> [REQUIRED ACTION]: Please return each record exactly, leaving nothing out.

> [Extracted data entries]:
◇ ◇ ◇ ◇ ◇ ◇ ◇
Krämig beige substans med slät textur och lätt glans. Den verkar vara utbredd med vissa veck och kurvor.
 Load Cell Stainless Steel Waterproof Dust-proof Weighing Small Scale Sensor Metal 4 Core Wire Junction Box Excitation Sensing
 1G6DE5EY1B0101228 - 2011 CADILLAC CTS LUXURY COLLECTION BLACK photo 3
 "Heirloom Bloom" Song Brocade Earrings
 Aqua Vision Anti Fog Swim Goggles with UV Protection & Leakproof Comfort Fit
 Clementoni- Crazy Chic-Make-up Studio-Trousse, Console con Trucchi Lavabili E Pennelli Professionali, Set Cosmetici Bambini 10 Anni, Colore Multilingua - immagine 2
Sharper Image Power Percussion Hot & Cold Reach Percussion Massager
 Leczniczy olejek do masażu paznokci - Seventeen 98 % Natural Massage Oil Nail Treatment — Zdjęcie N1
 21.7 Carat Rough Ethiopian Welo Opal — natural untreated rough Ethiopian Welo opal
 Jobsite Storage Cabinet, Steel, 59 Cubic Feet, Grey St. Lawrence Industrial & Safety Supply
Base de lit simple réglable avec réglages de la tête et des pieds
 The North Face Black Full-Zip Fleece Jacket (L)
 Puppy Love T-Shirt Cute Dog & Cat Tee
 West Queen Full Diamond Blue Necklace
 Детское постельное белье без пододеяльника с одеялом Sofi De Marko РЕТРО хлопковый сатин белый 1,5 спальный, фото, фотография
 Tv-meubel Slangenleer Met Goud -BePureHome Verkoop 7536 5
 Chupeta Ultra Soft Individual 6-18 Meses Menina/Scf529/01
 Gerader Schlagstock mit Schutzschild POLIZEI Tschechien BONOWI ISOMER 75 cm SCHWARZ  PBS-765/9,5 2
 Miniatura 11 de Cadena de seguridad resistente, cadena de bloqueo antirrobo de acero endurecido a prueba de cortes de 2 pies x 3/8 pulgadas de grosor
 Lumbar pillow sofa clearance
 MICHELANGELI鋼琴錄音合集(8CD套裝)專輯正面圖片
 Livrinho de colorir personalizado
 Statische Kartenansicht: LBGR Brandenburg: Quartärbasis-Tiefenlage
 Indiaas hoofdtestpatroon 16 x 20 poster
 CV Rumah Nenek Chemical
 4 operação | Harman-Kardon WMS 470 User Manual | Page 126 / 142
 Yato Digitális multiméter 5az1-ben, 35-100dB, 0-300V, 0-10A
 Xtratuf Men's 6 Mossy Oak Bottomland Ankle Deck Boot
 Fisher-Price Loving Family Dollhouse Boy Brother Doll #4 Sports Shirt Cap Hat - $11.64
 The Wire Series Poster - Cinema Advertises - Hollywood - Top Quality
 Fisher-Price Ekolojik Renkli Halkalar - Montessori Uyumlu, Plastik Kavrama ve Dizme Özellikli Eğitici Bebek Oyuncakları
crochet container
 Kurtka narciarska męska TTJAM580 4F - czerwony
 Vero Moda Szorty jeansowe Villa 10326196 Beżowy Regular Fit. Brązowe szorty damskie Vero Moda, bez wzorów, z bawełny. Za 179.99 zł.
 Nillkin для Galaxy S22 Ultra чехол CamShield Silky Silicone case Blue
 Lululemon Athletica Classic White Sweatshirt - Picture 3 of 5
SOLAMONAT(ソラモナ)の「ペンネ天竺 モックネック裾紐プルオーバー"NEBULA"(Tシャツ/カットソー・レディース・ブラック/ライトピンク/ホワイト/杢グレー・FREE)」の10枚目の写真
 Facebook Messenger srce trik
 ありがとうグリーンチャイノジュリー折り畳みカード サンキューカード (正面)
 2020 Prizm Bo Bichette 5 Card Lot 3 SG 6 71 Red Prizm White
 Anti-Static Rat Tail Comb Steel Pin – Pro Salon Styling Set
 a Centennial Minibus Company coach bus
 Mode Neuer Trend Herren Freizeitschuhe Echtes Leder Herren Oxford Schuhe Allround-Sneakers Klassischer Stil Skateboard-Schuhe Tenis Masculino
◇ ◇ ◇ ◇ ◇ ◇ ◇
> [ANSWER TO THIS TASK]:
Krämig beige substans med slät textur och lätt glans. Den verkar vara utbredd med vissa veck och kurvor.
 Load Cell Stainless Steel Waterproof Dust-proof Weighing Small Scale Sensor Metal 4 Core Wire Junction Box Excitation Sensing
 1G6DE5EY1B0101228 - 2011 CADILLAC CTS LUXURY COLLECTION BLACK photo 3
 "Heirloom Bloom" Song Brocade Earrings
 Aqua Vision Anti Fog Swim Goggles with UV Protection & Leakproof Comfort Fit
 Clementoni- Crazy Chic-Make-up Studio-Trousse, Console con Trucchi Lavabili E Pennelli Professionali, Set Cosmetici Bambini 10 Anni, Colore Multilingua - immagine 2
Sharper Image Power Percussion Hot & Cold Reach Percussion Massager
 Leczniczy olejek do masażu paznokci - Seventeen 98 % Natural Massage Oil Nail Treatment — Zdjęcie N1
 21.7 Carat Rough Ethiopian Welo Opal — natural untreated rough Ethiopian Welo opal
 Jobsite Storage Cabinet, Steel, 59 Cubic Feet, Grey St. Lawrence Industrial & Safety Supply
Base de lit simple réglable avec réglages de la tête et des pieds
 The North Face Black Full-Zip Fleece Jacket (L)
 Puppy Love T-Shirt Cute Dog & Cat Tee
 West Queen Full Diamond Blue Necklace
 Детское постельное белье без пододеяльника с одеялом Sofi De Marko РЕТРО хлопковый сатин белый 1,5 спальный, фото, фотография
 Tv-meubel Slangenleer Met Goud -BePureHome Verkoop 7536 5
 Chupeta Ultra Soft Individual 6-18 Meses Menina/Scf529/01
 Gerader Schlagstock mit Schutzschild POLIZEI Tschechien BONOWI ISOMER 75 cm SCHWARZ  PBS-765/9,5 2
 Miniatura 11 de Cadena de seguridad resistente, cadena de bloqueo antirrobo de acero endurecido a prueba de cortes de 2 pies x 3/8 pulgadas de grosor
 Lumbar pillow sofa clearance
 MICHELANGELI鋼琴錄音合集(8CD套裝)專輯正面圖片
 Livrinho de colorir personalizado
 Statische Kartenansicht: LBGR Brandenburg: Quartärbasis-Tiefenlage
 Indiaas hoofdtestpatroon 16 x 20 poster
 CV Rumah Nenek Chemical
 4 operação | Harman-Kardon WMS 470 User Manual | Page 126 / 142
 Yato Digitális multiméter 5az1-ben, 35-100dB, 0-300V, 0-10A
 Xtratuf Men's 6 Mossy Oak Bottomland Ankle Deck Boot
 Fisher-Price Loving Family Dollhouse Boy Brother Doll #4 Sports Shirt Cap Hat - $11.64
 The Wire Series Poster - Cinema Advertises - Hollywood - Top Quality
 Fisher-Price Ekolojik Renkli Halkalar - Montessori Uyumlu, Plastik Kavrama ve Dizme Özellikli Eğitici Bebek Oyuncakları
crochet container
 Kurtka narciarska męska TTJAM580 4F - czerwony
 Vero Moda Szorty jeansowe Villa 10326196 Beżowy Regular Fit. Brązowe szorty damskie Vero Moda, bez wzorów, z bawełny. Za 179.99 zł.
 Nillkin для Galaxy S22 Ultra чехол CamShield Silky Silicone case Blue
 Lululemon Athletica Classic White Sweatshirt - Picture 3 of 5
SOLAMONAT(ソラモナ)の「ペンネ天竺 モックネック裾紐プルオーバー"NEBULA"(Tシャツ/カットソー・レディース・ブラック/ライトピンク/ホワイト/杢グレー・FREE)」の10枚目の写真
 Facebook Messenger srce trik
 ありがとうグリーンチャイノジュリー折り畳みカード サンキューカード (正面)
 2020 Prizm Bo Bichette 5 Card Lot 3 SG 6 71 Red Prizm White
 Anti-Static Rat Tail Comb Steel Pin – Pro Salon Styling Set
 a Centennial Minibus Company coach bus
 Mode Neuer Trend Herren Freizeitschuhe Echtes Leder Herren Oxford Schuhe Allround-Sneakers Klassischer Stil Skateboard-Schuhe Tenis Masculino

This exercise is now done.